Algorithmically generating new algebraic features of polynomial systems for machine learning
This work addresses performance optimization in CASs and SMT solvers for researchers and practitioners, though it is incremental as it builds on existing feature frameworks for a specific algorithm.
The paper tackled the problem of selecting variable ordering for cylindrical algebraic decomposition (CAD) in computer algebra and SMT solvers by algorithmically generating new algebraic features from polynomial systems, resulting in ML-based choices that outperformed human-created heuristics and were further improved with these additional features.

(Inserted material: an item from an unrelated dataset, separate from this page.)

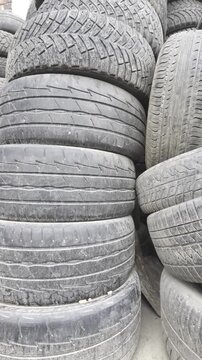A large stack of old used car tires lies piled up outdoors. The worn rubber protectors and tread patterns are covered in dust and dirt.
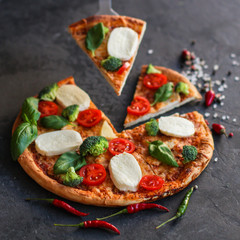 pizza, broccoli, tomato sauce, cheese and more. food background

There are a variety of choices to be made in both computer algebra systems (CASs) and satisfiability modulo theory (SMT) solvers which can impact performance without affecting mathematical correctness. Such choices are candidates for machine learning (ML) approaches, however, there are difficulties in applying standard ML techniques, such as the efficient identification of ML features from input data which is typically a polynomial system. Our focus is selecting the variable ordering for cylindrical algebraic decomposition (CAD), an important algorithm implemented in several CASs, and now also SMT-solvers. We created a framework to describe all the previously identified ML features for the problem and then enumerated all options in this framework to automatically generation many more features. We validate the usefulness of these with an experiment which shows that an ML choice for CAD variable ordering is superior to those made by human created heuristics, and further improved with these additional features. We expect that this technique of feature generation could be useful for other choices related to CAD, or even choices for other algorithms with polynomial systems for input.